Data shown below:

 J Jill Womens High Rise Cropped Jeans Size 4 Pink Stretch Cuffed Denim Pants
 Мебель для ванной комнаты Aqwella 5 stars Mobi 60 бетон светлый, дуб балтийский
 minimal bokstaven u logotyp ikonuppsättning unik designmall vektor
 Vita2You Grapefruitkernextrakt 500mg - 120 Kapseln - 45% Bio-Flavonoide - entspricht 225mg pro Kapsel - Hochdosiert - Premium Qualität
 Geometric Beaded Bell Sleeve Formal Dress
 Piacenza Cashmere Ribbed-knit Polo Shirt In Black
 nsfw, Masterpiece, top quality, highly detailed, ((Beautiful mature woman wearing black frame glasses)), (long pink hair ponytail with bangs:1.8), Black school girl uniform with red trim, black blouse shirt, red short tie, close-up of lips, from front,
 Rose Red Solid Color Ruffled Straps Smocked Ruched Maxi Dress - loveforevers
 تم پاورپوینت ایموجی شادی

End of Data shown.

Work instructions:
Lines that include the word "Black" are to be extracted from the data above.

Answer to this problem:
 Piacenza Cashmere Ribbed-knit Polo Shirt In Black
 nsfw, Masterpiece, top quality, highly detailed, ((Beautiful mature woman wearing black frame glasses)), (long pink hair ponytail with bangs:1.8), Black school girl uniform with red trim, black blouse shirt, red short tie, close-up of lips, from front,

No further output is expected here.